An obstetrician is a specialized physician educated and trained in the management of pregnancy, labor, and peperium (or the weeks following child birth.) An obstetrician is referred by gynecologists who confirm pregnancy. Obstetricians monitor, provide for, and assess pre-natal care. Obstetricians also provide pregnancy related testing, monitor fetal growth and development, and provide childbirth related education to patients. Obstetricians also provide delivery during the birth process and post-partum after care to women. Obstetricians also manage and treat any perperium complications.
The fields of obstetrics and gynecology are closely related but education is specialized for each medical field. Obstetricians treat pregnancy and pregnancy related medical conditions, gynecologists treat non-pregnancy related medical conditions. Each profession specializes in very distinct, but closely related fields, and can not provide full assistance necessary to service the other.
Employment as an obstetrician requires medical school and specialization in particular fields of study. Successful completion of college is necessary before advancing to medical school. Most candidates are evaluated strictly and academic standing is directly related to acceptance into medical school. Training to become an obstetrician is difficult and lengthy but the rewards are tremendous.

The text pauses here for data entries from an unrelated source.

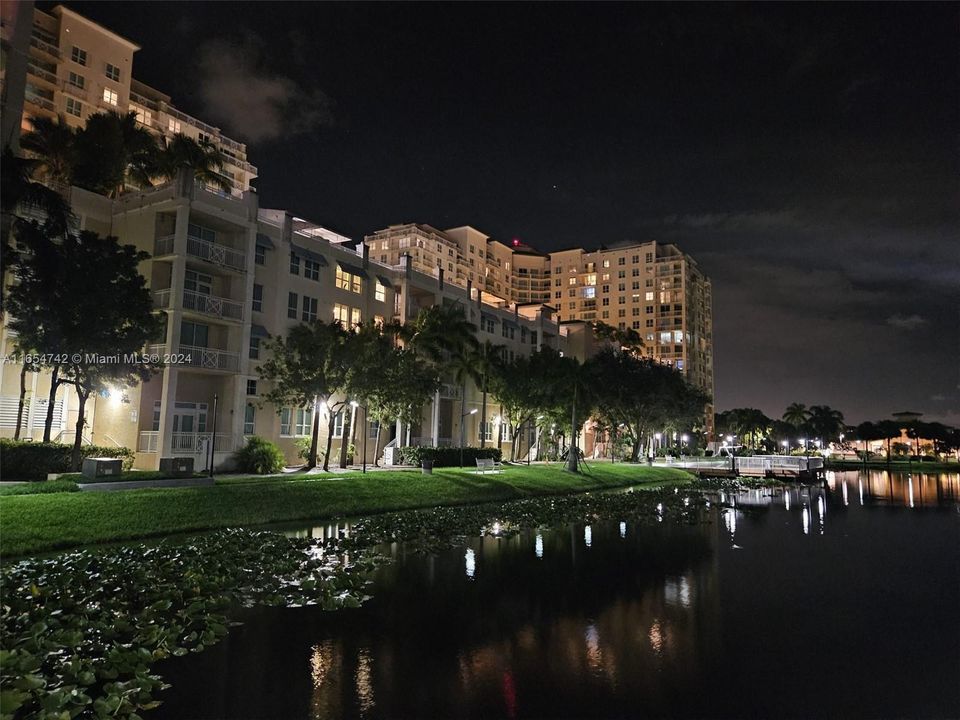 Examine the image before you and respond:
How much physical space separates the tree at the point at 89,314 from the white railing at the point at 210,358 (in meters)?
7.23

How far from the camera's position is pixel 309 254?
42250 mm

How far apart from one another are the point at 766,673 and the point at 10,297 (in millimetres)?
27137

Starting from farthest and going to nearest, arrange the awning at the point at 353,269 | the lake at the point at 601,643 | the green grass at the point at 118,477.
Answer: the awning at the point at 353,269, the green grass at the point at 118,477, the lake at the point at 601,643

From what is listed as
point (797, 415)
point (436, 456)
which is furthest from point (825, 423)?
point (436, 456)

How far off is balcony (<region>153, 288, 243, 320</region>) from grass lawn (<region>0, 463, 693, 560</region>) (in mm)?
11237

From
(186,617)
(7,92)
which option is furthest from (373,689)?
(7,92)

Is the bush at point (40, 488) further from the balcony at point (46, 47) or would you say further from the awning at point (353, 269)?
the balcony at point (46, 47)

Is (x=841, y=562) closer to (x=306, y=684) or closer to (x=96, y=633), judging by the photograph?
(x=306, y=684)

Obstetricians are among the top earners in the field of medicine with an average annual salary between $132,000 to $240,000. Many employers offer attractive and lucrative benefits and incentives for potential candidates. Most incentives are manifested financially and generally attached to benefit packages tailored to incite candidates. Working hours are primarily determined by physicians and though often long, they are frequently flexible and convenient.